音楽を聴くでも、本を読むでも、ゲームをするでもなく、無言のまま窓の外を眺める。
眠れない理由に思い当たるものは、当然あった。
つい先日、随分と冗長な紆余曲折を経て恋人ということになった幼馴染みとここ数日逢えていない。
今をもっていつもと変わらぬ日常の時間を漫然と暮らしている俺にはなんの実感も無いのだが、差し迫って世界は崩壊の危機にあるのだそうだ。
その危機を救う為に幼馴染みで恋人の琴占言海と幼馴染みで友人の宇野耕輔は世界の何処だかを巡っているのだそうだ。
命を懸けている二人の安否を心配している。
とは言っても、非日常と言うものと関わりの無い俺にはやはり実感はなく漠然とした不安と心配でしかなく、そこに部外者としての楽観が入り混じってしまう。
しかし、今日、こうして眠れない時間を過ごしているのはきっとそういった大層なものではなく、どちらかと云えば至極単純に言海の居ない日常に対する居心地の悪さのせいな気がしていた。

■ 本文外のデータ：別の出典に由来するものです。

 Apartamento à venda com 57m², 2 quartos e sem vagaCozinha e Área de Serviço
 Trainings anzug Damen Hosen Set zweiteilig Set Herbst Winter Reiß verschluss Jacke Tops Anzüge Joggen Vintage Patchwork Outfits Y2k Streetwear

二人の境遇を思えば、なんとも矮小な自分の精神に思わず苦笑を浮かべてしまう。
が、日常の中でだけ生きる人間にとってはそんなものだ。
自嘲気味な思考に思わず溜め息を漏らした。
目を閉じて、思い浮かべてみる。
今は手の届かない想い人の姿。
最初は明確に思い浮かべられた幻は、やがて掠れて消えていき、目を開けた。
目に映るのは窓の外の景色だけだった。
こんなことをしていてもしょうがない。
いい加減にそろそろ眠るべきだろう。
窓から視線を外し、再び床に就こうとした時だった。
手元に置いていたスマートフォンが着信を告げた。
時計を見る。
既に時間は二十六時半を過ぎている。
画面の名前を確認し、息を吸ってから応答した。
「もしもし」
喉から出た声は、すっかり眠りについている街をけして起こさないような、密やかで優しいそんな声だった。
『……清景。今大丈夫か?』
言海の言葉が遅れたのは、きっと遠くの何処かにいるからなのだろう。
「あぁ、別に構わないが。どうした?」
『いや、何があったというわけではないのだが……。その、声が聴きたくなってな』
なんとも可愛らしい理由に思わず声を抑えて笑った。
俺も同じ事を考えていた事は言わなかった。
もしかしたら、スマートフォンの向こうの言海には気づかれているかもしれないけれど。
『ああ、そういえば時間は大丈夫だろうか? すっかり時差のことを考えていなかった。そっちは今何時だ?』
今更な問題だった。
きっと普段の言海なら真っ先に考えていたであろうが、いまはそんな余裕もないということなのだろう。
「今は夜の二時過ぎだ」
気が利く人間ならおそらく時間を有耶無耶に答えていたのだろう。
しかし、生憎と俺はそこまで気の利く方ではないし、何より俺と言海の関係は今さらそんなことを問題にするような関係ではない。
『む。もしかして起こしてしまっただろうか?』
「いや、気にしないでくれ。俺も眠れなかったんだ」
『ほお、珍しい』
「そう言うことだから、こうして話ができるのは俺としても助かるよ」
素直にそう伝えてやると言海は嬉しそうに、安心したように『そうか』と呟いた。
「……耕輔は元気か?」
言海とともにいるはずの幼馴染の名前を挙げた。
『あぁ、耕輔ならもうすでに寝ているよ。今日は特に仕事をしてもらったからな、疲れているのだろう。ぐっすりだ』
「そうか」
『私は周囲の警戒も兼ねてこうしてのんびりとしているのさ。哨戒、というやつだな』
物騒な単語が並ぶ割には随分とのんびりとした声音なのは言海の実力なのだろう。
不意に話題が途切れた。
俺と言海の間ではよくある、居心地の良い沈黙。
俺は窓の外の夜空を見上げた。
明るく輝く月と散りばめられた星。
もしかしたら、言海も同じように空を見上げているのかもしれない。
言海達が何処にいるのかは分からないが、世界の空は繋がっているなら、俺たちは同じ空を見上げている。
なんて、いかにもな言葉が思い浮かぶ。
が口には出さない。
それは流石に恥ずかしい。
だから代わりに。
「言海」
名前を呼んだ。
『ん?』
「待ってるからな」
『ふふふ。ああ、待っていてくれ』
それから他愛のない話を続けた。
この世界の危機など気にもしないように。
現実の話も幻想の話も、その境界が曖昧になるほど。
遠くの空が幽かに白んでいった。
街が仄かにきらめく。
俺達は通話を続ける。
大切な想いと大切な言葉を紡ぎながら。